それでも俺は昔、時折教会での依頼を受けていた。というのも、貧民街の薄汚い子供に文字や計算を教えてくれるところが他になかったからだ。神の教えとやらはついに理解できなかったが、それが書かれた本は何度も読み込まされたものだ。
なにより、一日の終わりに振る舞われるパンと暖かいスープは格別と言っていい。中身は寂しいが、一人よりも大勢で食べる方が本当にほっとさせられる。

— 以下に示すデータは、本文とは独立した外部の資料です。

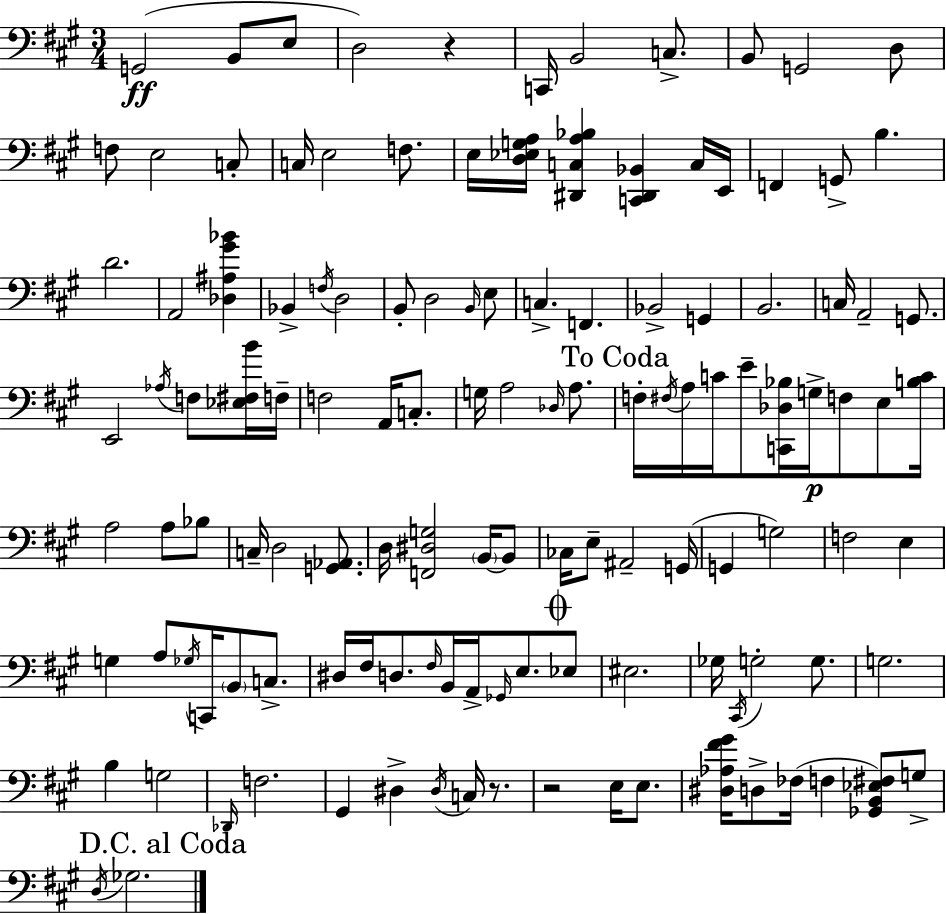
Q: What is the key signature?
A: A major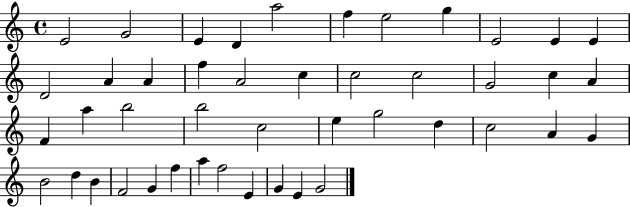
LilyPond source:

{
  \clef treble
  \time 4/4
  \defaultTimeSignature
  \key c \major
  e'2 g'2 | e'4 d'4 a''2 | f''4 e''2 g''4 | e'2 e'4 e'4 | \break d'2 a'4 a'4 | f''4 a'2 c''4 | c''2 c''2 | g'2 c''4 a'4 | \break f'4 a''4 b''2 | b''2 c''2 | e''4 g''2 d''4 | c''2 a'4 g'4 | \break b'2 d''4 b'4 | f'2 g'4 f''4 | a''4 f''2 e'4 | g'4 e'4 g'2 | \break \bar "|."
}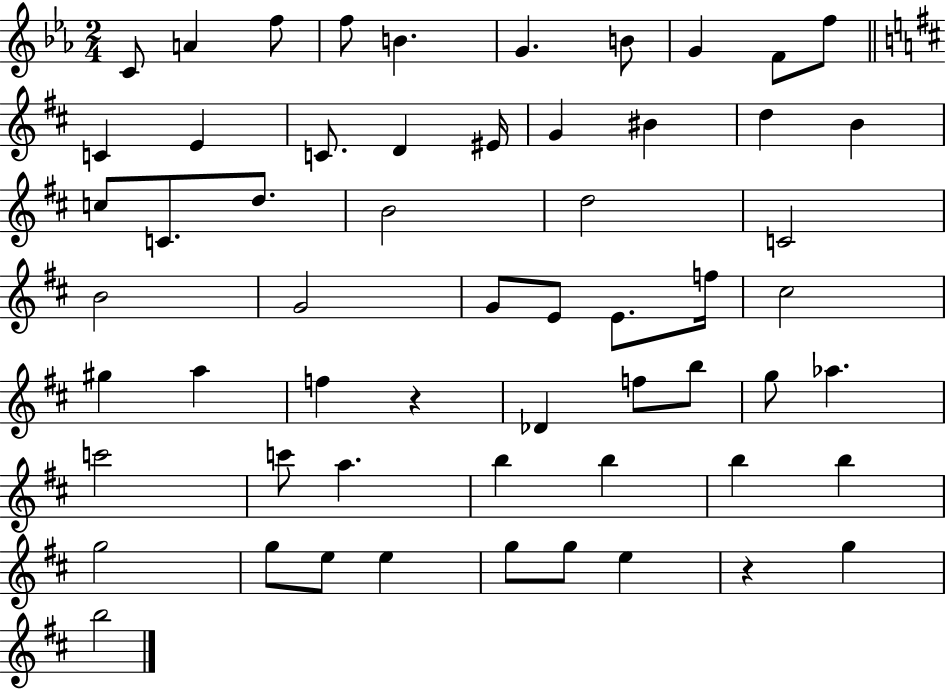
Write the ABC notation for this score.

X:1
T:Untitled
M:2/4
L:1/4
K:Eb
C/2 A f/2 f/2 B G B/2 G F/2 f/2 C E C/2 D ^E/4 G ^B d B c/2 C/2 d/2 B2 d2 C2 B2 G2 G/2 E/2 E/2 f/4 ^c2 ^g a f z _D f/2 b/2 g/2 _a c'2 c'/2 a b b b b g2 g/2 e/2 e g/2 g/2 e z g b2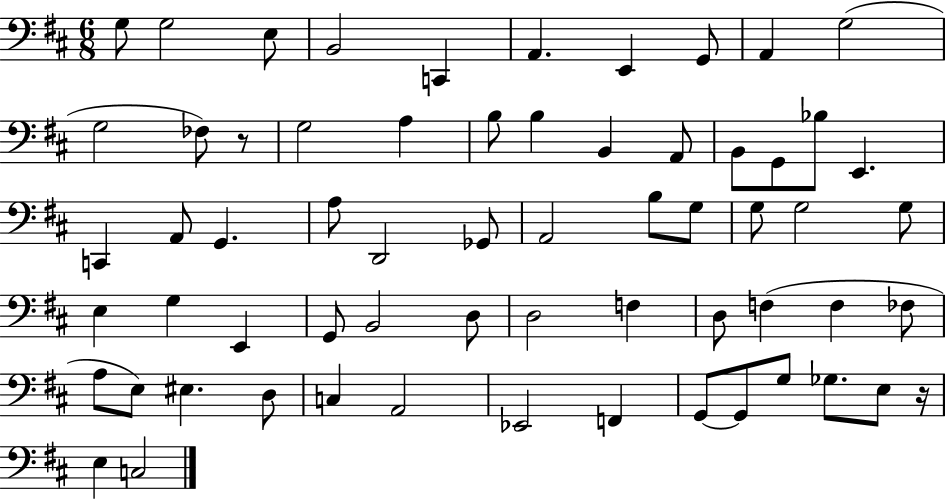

どうせ今も、あそこからの依頼は埃を被っているのだろう。様子見がてら、そちらの依頼も一つや二つ回してもらおうか。
「さて、と」
しわにならないように壁にかけていた服を着て、俺は階下へと降り立った。そこに広がっているのは予想通りの、一晩中酒盛りをしていた連中の成れの果て。まあ、こんなものだ。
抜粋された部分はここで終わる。